Security Assurance Level is not Design Assurance Level
This is the most common confusion, and an expensive one. Engineers from a DO-178C software background see "assurance level" and assume the Security Assurance Level behaves like the Design Assurance Level (DAL) they already know. It does not.
A Design Assurance Level measures how much rigour you apply to guard against accidental failure. A Security Assurance Level measures how much confidence you need in a defence against a deliberate attack. The terminology runs deliberately parallel because the two sit alongside each other in a programme, but they are assigned differently, mean different things, and cannot be swapped. Treating a SAL as a DAL, or carrying a DAL across as if it answered the security question, produces evidence a regulator will reject.

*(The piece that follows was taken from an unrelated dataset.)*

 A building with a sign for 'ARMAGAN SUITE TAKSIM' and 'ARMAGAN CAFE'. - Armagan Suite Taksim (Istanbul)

Where DO-356A sits in the wider document family
DO-356A is one document in a set, and it only makes sense in relation to the others:
- DO-326A / ED-202A. The process specification. The framework DO-356A serves.

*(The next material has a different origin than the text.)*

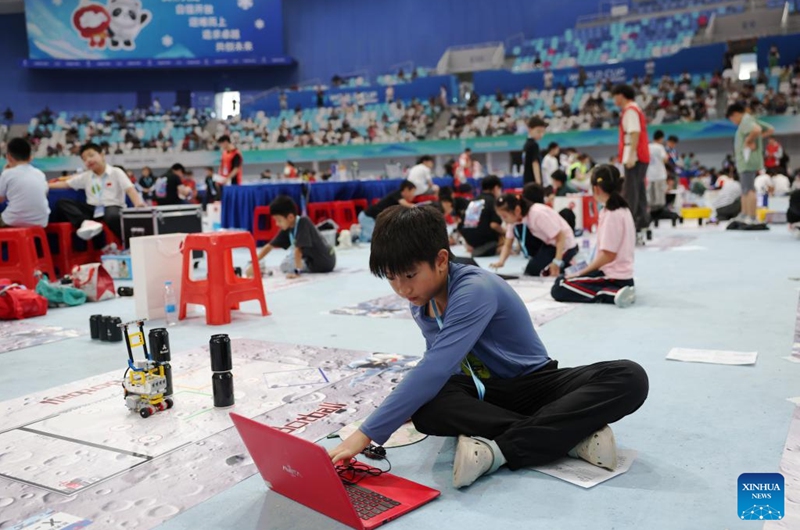Participants compete during the 2025 Junior Botball Challenge Global Finals in China in Beijing, capital of China, Aug. 21, 2025. The 2025 Junior Botball Challenge Global Finals in China kicked off on Thursday at the National Speed Skating Oval in Beijing. Nearly 1,500 young science and technology enthusiasts from more than ten countries and regions, including China, the United States, Malaysia, Thailand, Austria, and Slovakia, participated in the event. Photo: Xinhua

- DO-356A / ED-203A. The methods and considerations. The how.
- DO-355 / ED-204. Continuing airworthiness: security through operations and maintenance after the aircraft enters service.

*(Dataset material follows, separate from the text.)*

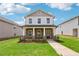 Charming two-story home featuring stone accents, a covered front porch, and a well-maintained lawn at 1290 Firefly Field Trce, Lawrenceville, GA 30045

- DO-392 / ED-206. Security event management.
A useful way to hold it: DO-326A is the plan, DO-356A is the technique, DO-355 keeps it going through service life.
Who needs to comply, and when
The standard applies through the same regulatory routes as DO-326A. EASA recognises DO-356A as acceptable means of compliance through AMC 20-42, the same provision that points to DO-326A. The UK Civil Aviation Authority mirrors the EASA position. The FAA treats the DO-356A set as the means of compliance for the cyber conditions it places on new and modified type certifications. The UK Military Aviation Authority recognises it through Defence Standard 00-970 and the RA 5890 regulatory article for military air systems.
One practical point on scope: DO-356A is required for systems whose compromise would have a major safety effect or worse. Systems below that line are not mandated to be covered, though there is often good reason to assess them anyway.
What this means in practice
If DO-326A is where you learn what the certification programme expects, DO-356A is where you do the work. It is the document open on the desk when you are decomposing the system, drawing attack paths, assigning Security Assurance Levels, and planning how you will prove each defence holds.
The common failure mode mirrors the one in DO-326A. Teams treat the methods as a set of boxes to fill rather than a single connected argument: this asset, exposed by this attack surface, reachable by this path, guarded by this measure, assured to this level, proven by this test. When that chain is coherent, the evidence package holds together. When the steps are done in isolation, it falls apart under review and gets reworked.